Problem statement
Quote the entries below from the line with "Parcela st. 394/10" through the line with "Poliertes 304 Edelstahl-Kettenhalsband", both ends included, and only those lines.

BEGIN

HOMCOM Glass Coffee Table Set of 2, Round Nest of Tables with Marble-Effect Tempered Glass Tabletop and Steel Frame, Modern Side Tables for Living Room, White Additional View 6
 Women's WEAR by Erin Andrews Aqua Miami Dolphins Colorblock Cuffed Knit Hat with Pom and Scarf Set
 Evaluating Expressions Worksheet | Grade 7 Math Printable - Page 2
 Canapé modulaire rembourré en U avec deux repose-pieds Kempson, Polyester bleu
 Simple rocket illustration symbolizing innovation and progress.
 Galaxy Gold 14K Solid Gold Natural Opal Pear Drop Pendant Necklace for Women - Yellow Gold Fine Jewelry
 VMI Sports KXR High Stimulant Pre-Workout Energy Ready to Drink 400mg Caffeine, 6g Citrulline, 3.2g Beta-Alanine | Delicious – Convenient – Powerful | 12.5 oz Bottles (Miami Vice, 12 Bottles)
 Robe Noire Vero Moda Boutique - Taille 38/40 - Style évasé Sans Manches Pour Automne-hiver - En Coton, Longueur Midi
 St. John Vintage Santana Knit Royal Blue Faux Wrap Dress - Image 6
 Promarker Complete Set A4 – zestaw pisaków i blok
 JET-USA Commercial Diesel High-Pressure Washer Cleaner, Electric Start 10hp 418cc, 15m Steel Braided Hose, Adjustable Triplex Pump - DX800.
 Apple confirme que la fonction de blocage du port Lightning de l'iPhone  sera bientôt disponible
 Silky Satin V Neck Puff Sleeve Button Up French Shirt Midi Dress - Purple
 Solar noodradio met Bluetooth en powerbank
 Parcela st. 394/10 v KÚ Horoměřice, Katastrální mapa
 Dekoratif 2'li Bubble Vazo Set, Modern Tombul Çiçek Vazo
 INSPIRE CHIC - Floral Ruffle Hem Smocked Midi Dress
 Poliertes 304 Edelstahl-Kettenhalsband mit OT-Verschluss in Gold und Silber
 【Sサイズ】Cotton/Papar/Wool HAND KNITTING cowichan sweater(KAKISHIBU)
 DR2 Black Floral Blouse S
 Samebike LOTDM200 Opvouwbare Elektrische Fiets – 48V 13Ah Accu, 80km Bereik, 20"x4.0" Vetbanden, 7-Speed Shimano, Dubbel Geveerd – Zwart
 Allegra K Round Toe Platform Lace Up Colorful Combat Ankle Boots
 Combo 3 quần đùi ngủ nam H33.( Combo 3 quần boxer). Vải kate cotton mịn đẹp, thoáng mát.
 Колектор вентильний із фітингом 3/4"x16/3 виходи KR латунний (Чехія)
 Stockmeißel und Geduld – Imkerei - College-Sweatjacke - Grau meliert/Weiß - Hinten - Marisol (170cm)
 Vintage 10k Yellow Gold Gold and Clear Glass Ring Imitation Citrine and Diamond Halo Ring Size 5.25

END

Your solution
 Parcela st. 394/10 v KÚ Horoměřice, Katastrální mapa
 Dekoratif 2'li Bubble Vazo Set, Modern Tombul Çiçek Vazo
 INSPIRE CHIC - Floral Ruffle Hem Smocked Midi Dress
 Poliertes 304 Edelstahl-Kettenhalsband mit OT-Verschluss in Gold und Silber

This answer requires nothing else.